Black Dossier was released on November 14, 2007.

==Background and format==
Originally referred to as The Dark Dossier during early announcements of its existence, The League of Extraordinary Gentlemen: Black Dossier differs from the other regular volumes, as it is a self-contained graphic novel designed to be a "sourcebook" for the series. While the first two volumes included prose stories as backup features, the majority of Black Dossier consists of non-comic pieces, taking the form of prose stories, letters, maps, guidebooks, magazines and even a lost Shakespeare folio. Also included is a 'Tijuana bible' insert that adapts George Orwell's novel Nineteen Eighty-Four and a 3-D section complete with custom glasses, but these prose pieces and inserts are framed by a comic story, in which Mina Harker and Allan Quatermain obtain the Black Dossier itself and are then pursued by government forces.
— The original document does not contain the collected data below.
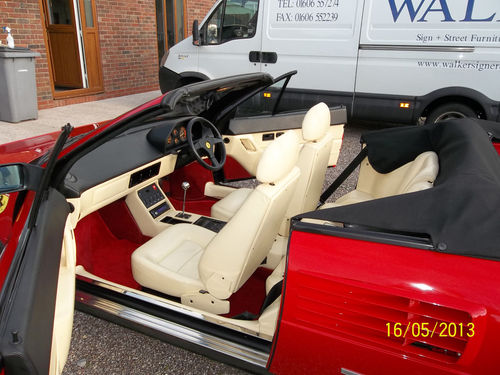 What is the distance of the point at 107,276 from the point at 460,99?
200 inches

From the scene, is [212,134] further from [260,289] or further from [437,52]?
[437,52]

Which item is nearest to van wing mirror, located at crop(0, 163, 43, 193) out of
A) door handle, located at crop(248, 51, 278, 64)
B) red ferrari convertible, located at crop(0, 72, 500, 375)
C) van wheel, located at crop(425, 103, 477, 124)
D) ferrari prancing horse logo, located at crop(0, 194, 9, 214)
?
red ferrari convertible, located at crop(0, 72, 500, 375)

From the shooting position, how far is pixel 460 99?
549cm

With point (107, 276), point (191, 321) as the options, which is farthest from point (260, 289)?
point (107, 276)

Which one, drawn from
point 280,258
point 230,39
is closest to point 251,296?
point 280,258

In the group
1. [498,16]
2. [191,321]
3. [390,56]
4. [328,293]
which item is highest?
[498,16]

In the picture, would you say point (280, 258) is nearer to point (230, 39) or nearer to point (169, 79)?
point (230, 39)

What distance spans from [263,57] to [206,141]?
399 cm

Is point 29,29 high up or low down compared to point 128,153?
up

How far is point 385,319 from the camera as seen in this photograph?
1.41 metres

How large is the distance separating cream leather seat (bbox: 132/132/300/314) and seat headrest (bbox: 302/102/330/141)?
1.74 feet

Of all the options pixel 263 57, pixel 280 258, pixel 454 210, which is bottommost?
pixel 280 258

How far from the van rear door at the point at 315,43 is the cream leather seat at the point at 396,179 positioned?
3.29 m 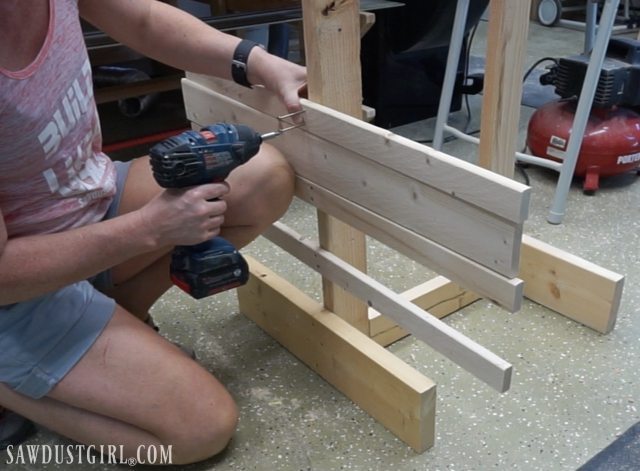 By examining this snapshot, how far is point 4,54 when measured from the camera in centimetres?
83

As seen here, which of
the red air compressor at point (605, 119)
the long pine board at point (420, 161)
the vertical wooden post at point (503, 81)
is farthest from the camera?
the red air compressor at point (605, 119)

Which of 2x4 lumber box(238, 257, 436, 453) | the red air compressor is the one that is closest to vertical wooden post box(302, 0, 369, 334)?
2x4 lumber box(238, 257, 436, 453)

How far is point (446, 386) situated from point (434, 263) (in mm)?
352

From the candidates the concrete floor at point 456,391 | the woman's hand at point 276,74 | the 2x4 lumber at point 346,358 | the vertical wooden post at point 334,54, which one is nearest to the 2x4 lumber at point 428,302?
the concrete floor at point 456,391

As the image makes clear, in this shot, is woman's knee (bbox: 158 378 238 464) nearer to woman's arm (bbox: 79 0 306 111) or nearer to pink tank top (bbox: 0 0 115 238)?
pink tank top (bbox: 0 0 115 238)

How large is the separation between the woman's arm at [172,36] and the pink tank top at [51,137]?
17 cm

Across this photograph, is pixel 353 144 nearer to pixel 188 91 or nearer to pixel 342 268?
pixel 342 268

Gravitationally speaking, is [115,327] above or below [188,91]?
below

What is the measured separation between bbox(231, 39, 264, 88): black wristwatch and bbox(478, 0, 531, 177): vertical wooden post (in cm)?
48

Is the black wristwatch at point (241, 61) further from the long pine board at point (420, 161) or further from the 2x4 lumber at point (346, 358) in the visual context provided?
the 2x4 lumber at point (346, 358)

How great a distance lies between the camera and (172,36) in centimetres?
113

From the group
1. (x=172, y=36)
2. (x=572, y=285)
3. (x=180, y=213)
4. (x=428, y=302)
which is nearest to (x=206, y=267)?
(x=180, y=213)

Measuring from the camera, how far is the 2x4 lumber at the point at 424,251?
874 millimetres

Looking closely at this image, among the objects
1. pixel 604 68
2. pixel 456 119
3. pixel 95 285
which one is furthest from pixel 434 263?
pixel 456 119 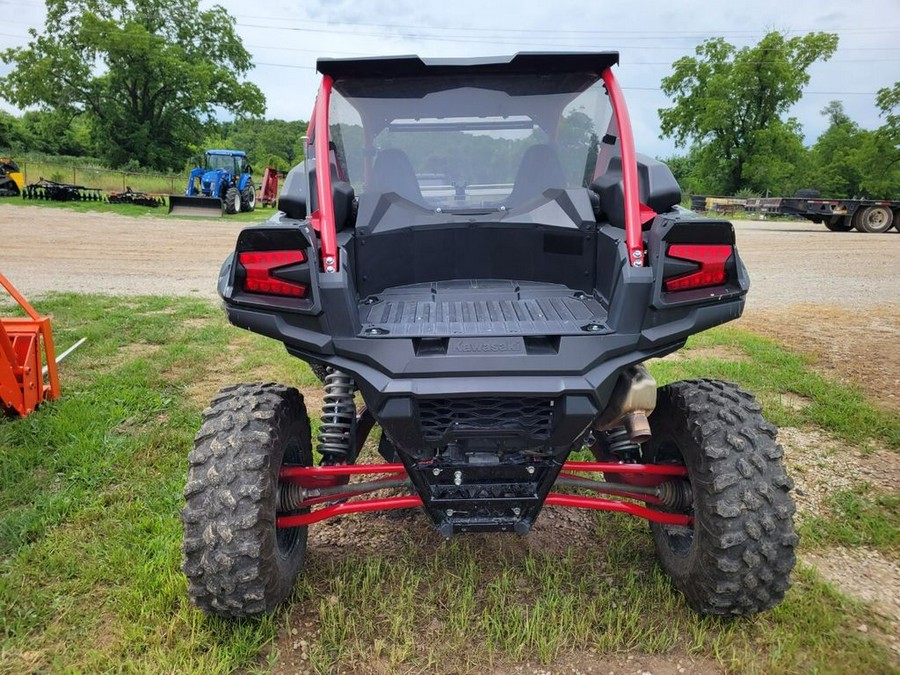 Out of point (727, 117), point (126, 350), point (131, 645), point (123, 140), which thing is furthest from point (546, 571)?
point (727, 117)

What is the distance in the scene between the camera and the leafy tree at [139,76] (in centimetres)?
4056

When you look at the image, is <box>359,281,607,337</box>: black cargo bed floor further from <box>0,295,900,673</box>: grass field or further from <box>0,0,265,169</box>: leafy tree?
<box>0,0,265,169</box>: leafy tree

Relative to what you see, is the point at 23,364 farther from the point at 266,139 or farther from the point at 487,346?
the point at 266,139

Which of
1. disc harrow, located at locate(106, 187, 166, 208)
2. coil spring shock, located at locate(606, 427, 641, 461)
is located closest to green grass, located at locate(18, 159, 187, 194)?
disc harrow, located at locate(106, 187, 166, 208)

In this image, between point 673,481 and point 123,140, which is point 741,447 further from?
point 123,140

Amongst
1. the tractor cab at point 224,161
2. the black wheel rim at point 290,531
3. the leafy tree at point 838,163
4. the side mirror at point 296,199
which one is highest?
the leafy tree at point 838,163

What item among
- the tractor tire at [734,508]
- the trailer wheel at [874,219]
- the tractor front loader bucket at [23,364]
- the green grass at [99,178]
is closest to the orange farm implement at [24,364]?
the tractor front loader bucket at [23,364]

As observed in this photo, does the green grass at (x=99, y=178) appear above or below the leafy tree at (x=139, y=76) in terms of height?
below

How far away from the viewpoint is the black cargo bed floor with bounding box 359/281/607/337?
2.36m

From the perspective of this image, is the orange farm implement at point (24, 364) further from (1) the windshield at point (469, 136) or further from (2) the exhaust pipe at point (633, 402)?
(2) the exhaust pipe at point (633, 402)

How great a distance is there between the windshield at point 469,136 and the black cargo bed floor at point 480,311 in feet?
1.48

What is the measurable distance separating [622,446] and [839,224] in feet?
78.1

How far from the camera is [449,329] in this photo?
2377mm

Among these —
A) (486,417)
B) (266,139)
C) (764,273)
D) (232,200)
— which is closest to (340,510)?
(486,417) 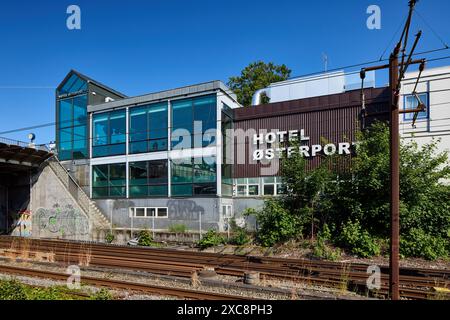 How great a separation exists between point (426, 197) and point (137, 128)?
19.5 m

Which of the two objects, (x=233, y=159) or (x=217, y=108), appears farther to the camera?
(x=233, y=159)

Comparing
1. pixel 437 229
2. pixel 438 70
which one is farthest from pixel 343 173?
pixel 438 70

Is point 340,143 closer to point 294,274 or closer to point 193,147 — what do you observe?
point 193,147

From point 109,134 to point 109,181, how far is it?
12.8 feet

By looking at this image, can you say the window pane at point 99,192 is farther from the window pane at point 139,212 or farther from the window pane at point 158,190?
the window pane at point 158,190

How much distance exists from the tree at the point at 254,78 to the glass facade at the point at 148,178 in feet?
65.7

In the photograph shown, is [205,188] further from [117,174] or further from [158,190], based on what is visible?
[117,174]

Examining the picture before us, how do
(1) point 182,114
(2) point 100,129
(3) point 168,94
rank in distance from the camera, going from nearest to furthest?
(1) point 182,114
(3) point 168,94
(2) point 100,129

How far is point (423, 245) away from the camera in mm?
13383

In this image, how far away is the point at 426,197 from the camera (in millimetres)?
14266

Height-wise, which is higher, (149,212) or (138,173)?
(138,173)

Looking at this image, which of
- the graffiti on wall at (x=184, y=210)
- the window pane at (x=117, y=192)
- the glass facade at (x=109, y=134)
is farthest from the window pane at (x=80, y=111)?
the graffiti on wall at (x=184, y=210)

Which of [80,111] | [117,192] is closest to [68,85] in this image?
[80,111] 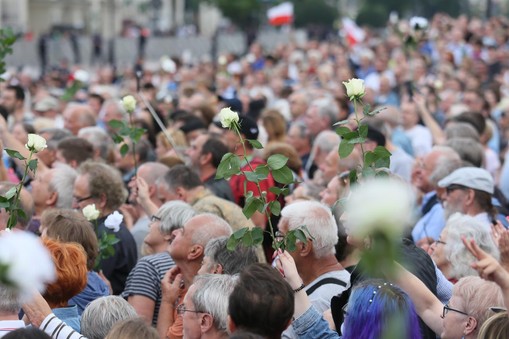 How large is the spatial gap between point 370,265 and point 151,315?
12.0 feet

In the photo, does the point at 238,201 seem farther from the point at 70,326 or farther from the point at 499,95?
the point at 499,95

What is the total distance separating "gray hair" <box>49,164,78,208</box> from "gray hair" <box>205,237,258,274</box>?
2.32m

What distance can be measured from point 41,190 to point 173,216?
4.95 feet

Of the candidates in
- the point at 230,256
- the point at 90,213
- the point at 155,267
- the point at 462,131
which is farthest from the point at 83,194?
the point at 462,131

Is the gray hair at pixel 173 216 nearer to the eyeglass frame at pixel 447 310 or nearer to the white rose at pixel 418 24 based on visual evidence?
the eyeglass frame at pixel 447 310

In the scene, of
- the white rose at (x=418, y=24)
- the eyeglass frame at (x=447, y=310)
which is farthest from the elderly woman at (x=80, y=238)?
the white rose at (x=418, y=24)

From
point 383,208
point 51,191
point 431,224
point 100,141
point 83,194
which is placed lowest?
point 100,141

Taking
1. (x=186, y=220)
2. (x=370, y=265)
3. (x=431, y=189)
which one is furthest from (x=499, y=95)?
(x=370, y=265)

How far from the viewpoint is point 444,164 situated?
8047 millimetres

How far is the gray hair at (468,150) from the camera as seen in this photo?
29.4ft

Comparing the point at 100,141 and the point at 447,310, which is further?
the point at 100,141

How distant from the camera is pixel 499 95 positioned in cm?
1623

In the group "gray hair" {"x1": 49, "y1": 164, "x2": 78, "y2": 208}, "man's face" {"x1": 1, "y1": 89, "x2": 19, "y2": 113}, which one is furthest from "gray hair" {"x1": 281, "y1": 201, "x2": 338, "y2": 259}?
"man's face" {"x1": 1, "y1": 89, "x2": 19, "y2": 113}

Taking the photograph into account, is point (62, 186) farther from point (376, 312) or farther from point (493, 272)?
point (493, 272) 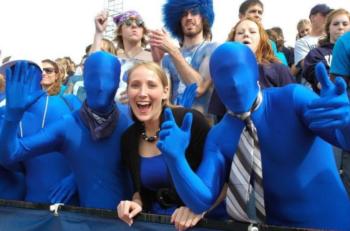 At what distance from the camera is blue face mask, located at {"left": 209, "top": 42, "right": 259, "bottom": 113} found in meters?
1.91

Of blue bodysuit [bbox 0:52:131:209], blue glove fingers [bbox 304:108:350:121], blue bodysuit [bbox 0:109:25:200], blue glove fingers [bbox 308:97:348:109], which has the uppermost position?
blue glove fingers [bbox 308:97:348:109]

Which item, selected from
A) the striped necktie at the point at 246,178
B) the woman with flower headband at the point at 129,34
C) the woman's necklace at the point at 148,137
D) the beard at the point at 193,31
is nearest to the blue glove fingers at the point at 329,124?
the striped necktie at the point at 246,178

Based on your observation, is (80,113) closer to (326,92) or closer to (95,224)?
(95,224)

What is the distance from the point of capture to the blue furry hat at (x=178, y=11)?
133 inches

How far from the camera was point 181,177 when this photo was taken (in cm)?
191

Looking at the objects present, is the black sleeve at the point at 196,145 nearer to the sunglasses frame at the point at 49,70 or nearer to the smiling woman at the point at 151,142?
the smiling woman at the point at 151,142

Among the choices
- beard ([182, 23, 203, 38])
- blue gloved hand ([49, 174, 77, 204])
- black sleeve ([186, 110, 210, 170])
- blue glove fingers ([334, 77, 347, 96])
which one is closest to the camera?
blue glove fingers ([334, 77, 347, 96])

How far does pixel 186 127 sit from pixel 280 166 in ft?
1.27

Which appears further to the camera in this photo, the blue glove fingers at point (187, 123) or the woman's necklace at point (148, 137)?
the woman's necklace at point (148, 137)

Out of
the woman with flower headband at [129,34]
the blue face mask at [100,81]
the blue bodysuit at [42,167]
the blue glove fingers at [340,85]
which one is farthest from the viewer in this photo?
the woman with flower headband at [129,34]

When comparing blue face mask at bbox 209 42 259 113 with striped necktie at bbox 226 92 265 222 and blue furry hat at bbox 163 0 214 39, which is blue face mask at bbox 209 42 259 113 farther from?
blue furry hat at bbox 163 0 214 39

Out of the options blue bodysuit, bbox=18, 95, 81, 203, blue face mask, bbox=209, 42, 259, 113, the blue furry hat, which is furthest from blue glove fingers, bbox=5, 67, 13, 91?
the blue furry hat

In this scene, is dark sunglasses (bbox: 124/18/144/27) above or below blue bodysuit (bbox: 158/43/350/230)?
above

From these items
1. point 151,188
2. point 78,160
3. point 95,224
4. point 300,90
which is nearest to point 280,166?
point 300,90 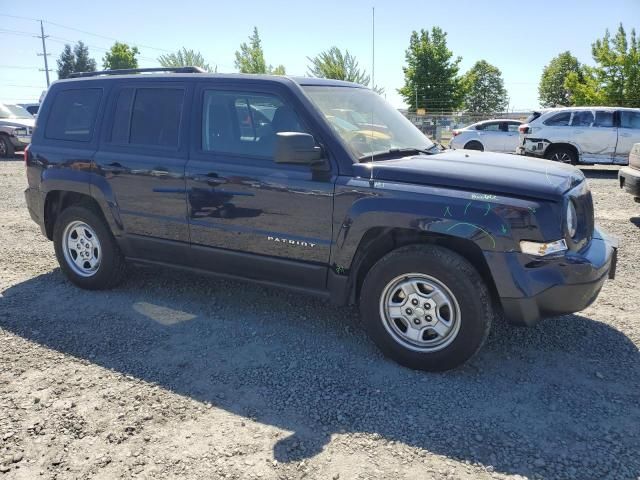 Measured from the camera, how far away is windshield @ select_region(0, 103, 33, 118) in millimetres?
16766

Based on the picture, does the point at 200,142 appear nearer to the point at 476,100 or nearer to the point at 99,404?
the point at 99,404

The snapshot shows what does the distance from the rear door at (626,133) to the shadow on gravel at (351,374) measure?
10542mm

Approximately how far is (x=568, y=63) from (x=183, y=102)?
240ft

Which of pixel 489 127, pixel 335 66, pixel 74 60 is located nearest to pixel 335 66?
pixel 335 66

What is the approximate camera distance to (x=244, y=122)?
154 inches

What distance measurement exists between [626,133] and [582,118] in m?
1.07

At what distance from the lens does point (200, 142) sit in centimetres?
405

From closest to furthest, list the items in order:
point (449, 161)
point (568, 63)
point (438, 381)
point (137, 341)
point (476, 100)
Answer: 1. point (438, 381)
2. point (449, 161)
3. point (137, 341)
4. point (568, 63)
5. point (476, 100)

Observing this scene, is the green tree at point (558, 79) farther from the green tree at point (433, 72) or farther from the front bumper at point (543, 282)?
the front bumper at point (543, 282)

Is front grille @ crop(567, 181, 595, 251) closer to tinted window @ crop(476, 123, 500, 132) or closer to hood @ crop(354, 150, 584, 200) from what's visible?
hood @ crop(354, 150, 584, 200)

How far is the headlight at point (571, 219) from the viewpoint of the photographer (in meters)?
3.12

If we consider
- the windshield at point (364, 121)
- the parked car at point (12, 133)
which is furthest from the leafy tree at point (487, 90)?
the windshield at point (364, 121)

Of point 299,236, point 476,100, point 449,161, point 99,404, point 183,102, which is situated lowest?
point 99,404

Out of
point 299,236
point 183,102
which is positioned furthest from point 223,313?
point 183,102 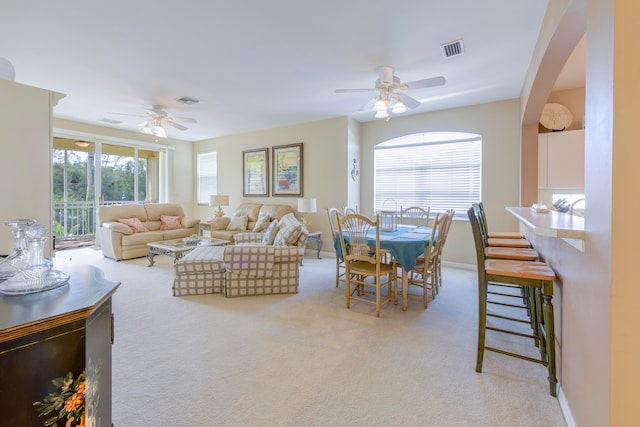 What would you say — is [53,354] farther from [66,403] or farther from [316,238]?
[316,238]

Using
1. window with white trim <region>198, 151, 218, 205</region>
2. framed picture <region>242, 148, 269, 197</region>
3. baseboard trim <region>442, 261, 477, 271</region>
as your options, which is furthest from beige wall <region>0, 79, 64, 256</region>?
window with white trim <region>198, 151, 218, 205</region>

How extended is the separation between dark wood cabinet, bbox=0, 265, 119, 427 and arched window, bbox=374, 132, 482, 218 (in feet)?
16.4

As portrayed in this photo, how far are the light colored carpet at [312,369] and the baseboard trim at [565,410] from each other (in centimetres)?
3

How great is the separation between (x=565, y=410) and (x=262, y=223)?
5021 millimetres

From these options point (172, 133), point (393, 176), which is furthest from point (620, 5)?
point (172, 133)

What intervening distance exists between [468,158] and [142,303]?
5.09 metres

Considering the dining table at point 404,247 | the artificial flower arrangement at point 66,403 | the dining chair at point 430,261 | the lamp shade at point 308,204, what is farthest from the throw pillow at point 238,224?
the artificial flower arrangement at point 66,403

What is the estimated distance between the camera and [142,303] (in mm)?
3199

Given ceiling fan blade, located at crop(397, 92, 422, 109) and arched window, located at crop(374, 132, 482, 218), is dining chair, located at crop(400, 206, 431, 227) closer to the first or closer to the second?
arched window, located at crop(374, 132, 482, 218)

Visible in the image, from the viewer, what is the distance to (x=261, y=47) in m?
2.96

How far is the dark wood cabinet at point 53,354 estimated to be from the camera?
0.76 m

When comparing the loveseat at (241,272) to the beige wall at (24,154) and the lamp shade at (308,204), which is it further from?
the lamp shade at (308,204)

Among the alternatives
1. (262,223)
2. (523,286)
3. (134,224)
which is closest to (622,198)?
(523,286)

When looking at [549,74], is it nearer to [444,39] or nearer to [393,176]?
[444,39] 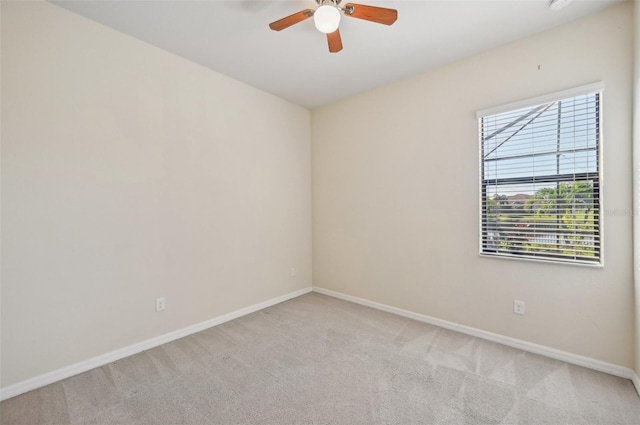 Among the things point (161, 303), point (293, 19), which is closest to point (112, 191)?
point (161, 303)

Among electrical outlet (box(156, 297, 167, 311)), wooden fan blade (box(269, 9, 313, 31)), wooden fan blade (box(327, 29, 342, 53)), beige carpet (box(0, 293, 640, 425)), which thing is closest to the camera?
beige carpet (box(0, 293, 640, 425))

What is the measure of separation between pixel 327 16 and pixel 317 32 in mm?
613

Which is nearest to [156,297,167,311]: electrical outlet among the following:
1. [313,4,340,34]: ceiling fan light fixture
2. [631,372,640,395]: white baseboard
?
[313,4,340,34]: ceiling fan light fixture

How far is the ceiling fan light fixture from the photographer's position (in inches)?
66.6

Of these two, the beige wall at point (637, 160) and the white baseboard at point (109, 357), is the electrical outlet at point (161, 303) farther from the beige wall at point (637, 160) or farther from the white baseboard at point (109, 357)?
the beige wall at point (637, 160)

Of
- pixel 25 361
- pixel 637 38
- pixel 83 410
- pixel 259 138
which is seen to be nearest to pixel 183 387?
pixel 83 410

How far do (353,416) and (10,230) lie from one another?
2.49 meters

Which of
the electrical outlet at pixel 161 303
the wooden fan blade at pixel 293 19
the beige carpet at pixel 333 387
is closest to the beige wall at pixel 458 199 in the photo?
the beige carpet at pixel 333 387

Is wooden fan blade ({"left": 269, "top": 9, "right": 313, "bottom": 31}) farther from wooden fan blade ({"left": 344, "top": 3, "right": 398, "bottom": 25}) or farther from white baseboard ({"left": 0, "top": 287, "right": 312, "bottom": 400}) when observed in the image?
white baseboard ({"left": 0, "top": 287, "right": 312, "bottom": 400})

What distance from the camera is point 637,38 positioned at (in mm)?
1812

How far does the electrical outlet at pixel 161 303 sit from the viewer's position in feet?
8.11

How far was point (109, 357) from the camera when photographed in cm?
218

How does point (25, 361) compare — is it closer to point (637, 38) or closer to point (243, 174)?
point (243, 174)

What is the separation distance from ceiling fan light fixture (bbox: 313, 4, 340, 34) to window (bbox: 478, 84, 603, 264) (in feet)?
5.36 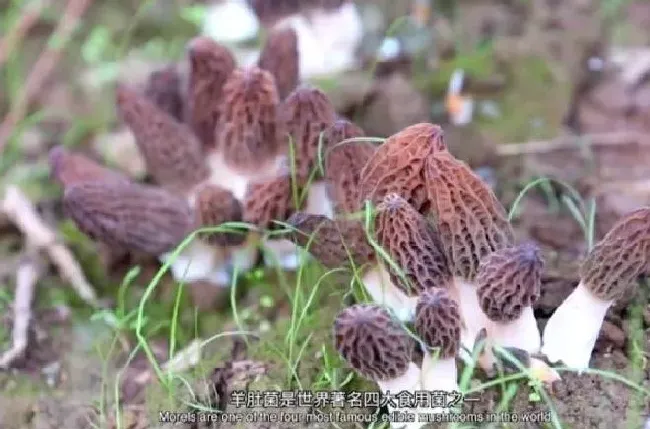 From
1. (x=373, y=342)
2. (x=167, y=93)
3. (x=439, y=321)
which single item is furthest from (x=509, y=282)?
(x=167, y=93)

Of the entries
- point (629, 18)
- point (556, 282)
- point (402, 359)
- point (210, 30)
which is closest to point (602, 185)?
point (556, 282)

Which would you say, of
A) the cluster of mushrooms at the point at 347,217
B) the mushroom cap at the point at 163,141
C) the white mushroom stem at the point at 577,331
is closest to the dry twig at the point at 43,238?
the cluster of mushrooms at the point at 347,217

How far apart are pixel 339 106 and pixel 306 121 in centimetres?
60

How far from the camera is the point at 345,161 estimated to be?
6.03 feet

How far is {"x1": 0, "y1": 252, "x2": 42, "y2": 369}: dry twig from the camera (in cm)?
209

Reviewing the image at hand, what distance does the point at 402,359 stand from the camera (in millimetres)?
1526

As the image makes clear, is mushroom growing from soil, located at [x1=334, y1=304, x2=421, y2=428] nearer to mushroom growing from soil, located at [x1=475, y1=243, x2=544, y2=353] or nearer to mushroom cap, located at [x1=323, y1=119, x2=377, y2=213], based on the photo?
mushroom growing from soil, located at [x1=475, y1=243, x2=544, y2=353]

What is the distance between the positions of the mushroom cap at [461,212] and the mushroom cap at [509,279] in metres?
0.05

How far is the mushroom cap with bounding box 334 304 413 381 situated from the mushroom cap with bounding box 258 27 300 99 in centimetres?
88

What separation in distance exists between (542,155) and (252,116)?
0.92 m

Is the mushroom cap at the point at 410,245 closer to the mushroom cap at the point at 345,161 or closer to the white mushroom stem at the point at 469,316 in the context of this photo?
the white mushroom stem at the point at 469,316

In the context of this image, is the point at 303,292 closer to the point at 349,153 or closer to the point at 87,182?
the point at 349,153

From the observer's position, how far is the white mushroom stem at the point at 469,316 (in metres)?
1.65

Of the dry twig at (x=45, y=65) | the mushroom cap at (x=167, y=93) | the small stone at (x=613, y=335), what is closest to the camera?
the small stone at (x=613, y=335) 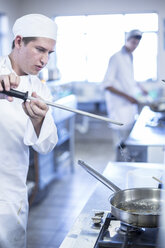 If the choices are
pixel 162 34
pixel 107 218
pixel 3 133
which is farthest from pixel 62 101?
pixel 162 34

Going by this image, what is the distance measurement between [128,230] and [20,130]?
2.36ft

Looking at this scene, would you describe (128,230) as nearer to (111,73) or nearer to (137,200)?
(137,200)

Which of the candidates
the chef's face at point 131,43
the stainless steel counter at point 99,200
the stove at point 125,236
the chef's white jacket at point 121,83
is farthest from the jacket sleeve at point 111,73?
the stove at point 125,236

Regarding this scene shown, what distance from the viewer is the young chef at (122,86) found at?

All illustrations are done by Kevin O'Neill, the artist on the first two volumes. Alan Moore also recorded a vinyl record of him singing an original song that would be released with the book, but DC did not include it.

After many changed shipping dates, the Absolute Edition was released with no vinyl record, no script/sketch companion book (something that had shipped with Absolute "League" volumes 1 & 2), and a price point of $99, $24 higher than the two previous Absolute League volumes.

Bill Oakley died halfway through designing the book, so the last half was designed by Todd Klein. The book is dedicated to Oakley's memory.

The vinyl record was eventually produced in the UK.

==Development==
According to Moore the Black Dossier was created because Moore was uncomfortable with the idea of O'Neill being unemployed during the planned hiatus between Volumes II and III of The League of Extraordinary Gentlemen. Wanting to do a source book for The League of Extraordinary Gentlemen, Moore began writing the Black Dossier, expanding the original idea to include numerous different prose sections of different styles from a Fanny Hill "sequel" to a beatnik style story and a comic narrative that frames the Dossier sections.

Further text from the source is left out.